Anders verhält sich das bei Menschen, deren Outing sich auf das Geschlecht bezieht: Denn dieses kann man nicht zu Hause leben, wo es niemand sieht. Im Gegenteil – man zeigt es frei nach außen. Manche schaffen es zwar durch Anpassung diesen Zustand bei fremden Menschen zu überwinden, aber so ganz ohne Outing im Bekanntenkreis ist dies nicht zu schaffen. Und da bleibt dann doch zu wünschen, dass man im Jahr 2020 auf mehr Verständnis trifft.

Aber wie erreicht man das? Durch Wissen – je mehr Menschen über queere Themen wissen, desto normaler gehen sie damit um.

Woher bekommen Menschen Wissen? Dadurch, dass sie Dinge kennenlernen.

Und wie lernen sie queere Themen und queere Menschen kennen? Dadurch dass sich jemand outet und man das nach außen trägt.

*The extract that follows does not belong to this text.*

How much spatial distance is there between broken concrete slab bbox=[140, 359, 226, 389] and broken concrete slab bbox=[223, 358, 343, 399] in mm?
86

Dieser ewige Dualismus zwischen „Aufklärung“ und „Unsichtbarkeit“ ist für viele Betroffene ein heikles Thema. Aktuell sind wir noch nicht an einem Punkt angekommen, an dem man den erreichten Status quo schon als ausreichend ansehen kann. Deswegen wird es weiterhin Menschen brauchen, die nach vorne gehen. Auch auf das Risiko hin sich dafür outen zu müssen. Das bedeutet aber nicht, dass dies alle queeren Menschen machen müssen. Es ist durchaus okay einfach nur leben zu wollen.

Da wir als Kreisverband etwas dazu beitragen wollen oder zumindest queere Menschen und Unterstützer*innen zusammenbringen wollen, veranstalten wir am Samstag um 19 Uhr im Angerwirt unseren ersten Versuch eines queeren Stammtisches. Wir freuen uns auf euch!